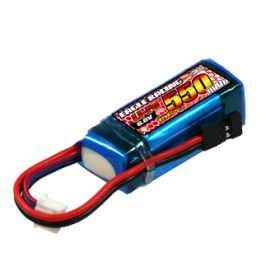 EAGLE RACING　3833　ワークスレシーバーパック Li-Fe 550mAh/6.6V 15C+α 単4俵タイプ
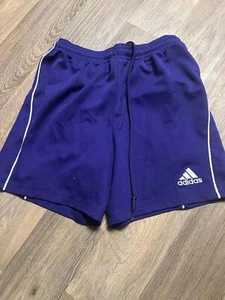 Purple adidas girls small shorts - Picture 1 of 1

● ● ● ●

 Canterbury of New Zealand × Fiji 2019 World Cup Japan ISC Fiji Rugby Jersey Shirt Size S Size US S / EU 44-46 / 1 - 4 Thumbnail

● ● ● ●

▶ [Your objective] From the material above, reproduce only what runs from the line holding "EAGLE RACING　3833　ワークスレシーバーパック Li-Fe" down to the line holding "Purple adidas girls", both included, pictures excluded.

▶ [Solved exercise]
 EAGLE RACING　3833　ワークスレシーバーパック Li-Fe 550mAh/6.6V 15C+α 単4俵タイプ
 Purple adidas girls small shorts - Picture 1 of 1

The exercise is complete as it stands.